Brief
Print the lines from the one containing "Bed in Florence" through the end of the material below, both included, exactly as they appear and without pictures.

Recorded information
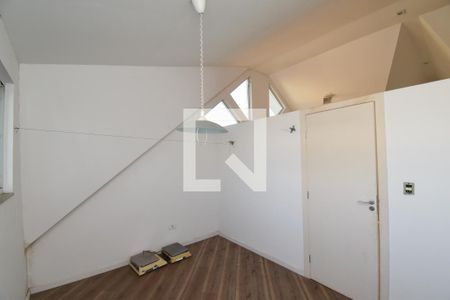 Escritório de casa à venda com 3 quartos, 360m² em Santa Felicidade, Curitiba
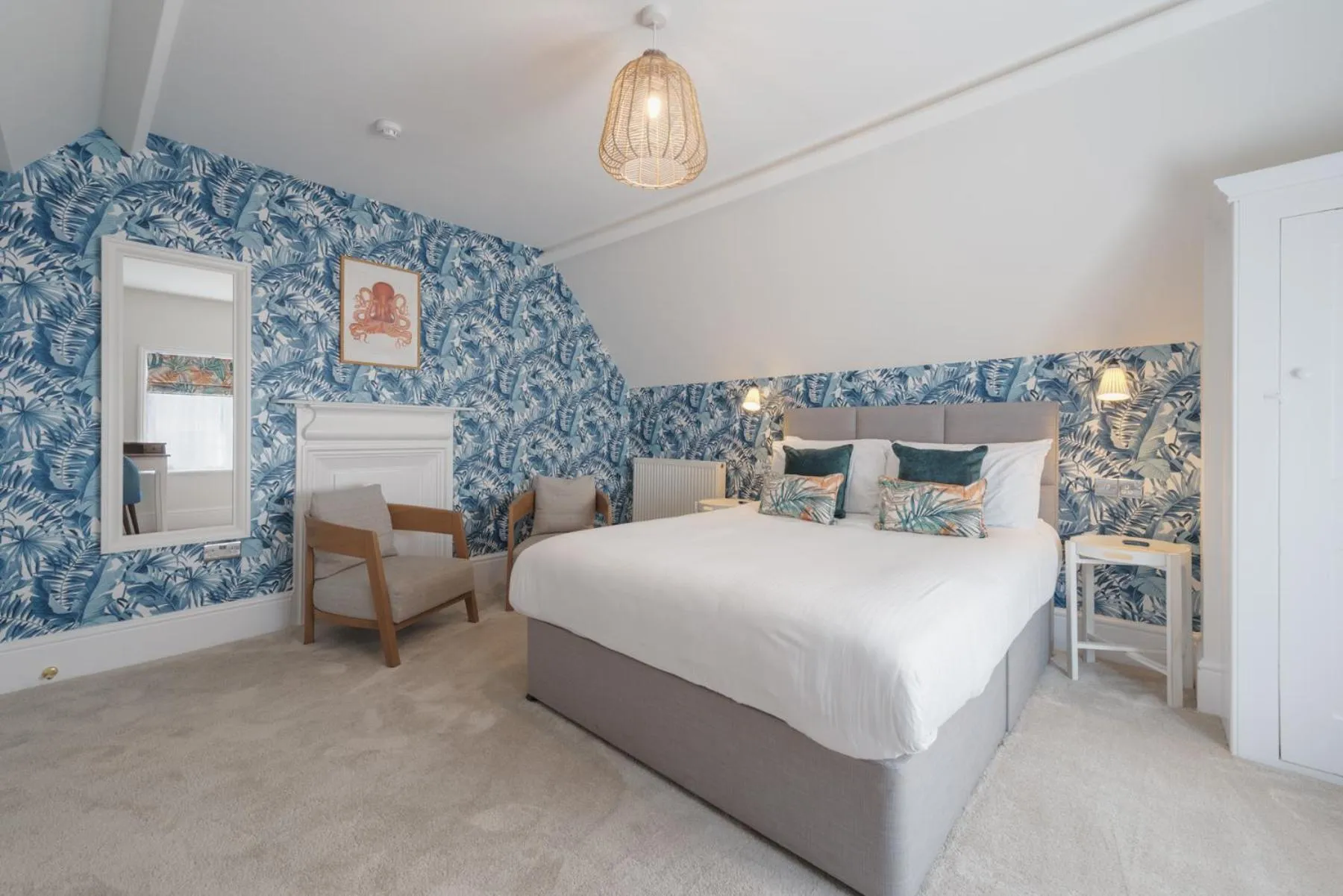 Bed in Florence Suite Boutique Hotel and Restaurant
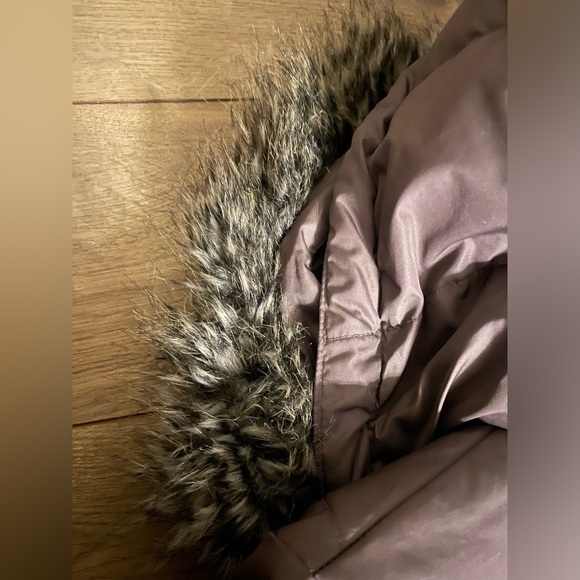 Isis Puffer Ski Jacket. Long. Removable fur hood trim. Flattering cut. Warm. - Picture 12 of 15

Completed task
 Bed in Florence Suite Boutique Hotel and Restaurant
 Isis Puffer Ski Jacket. Long. Removable fur hood trim. Flattering cut. Warm. - Picture 12 of 15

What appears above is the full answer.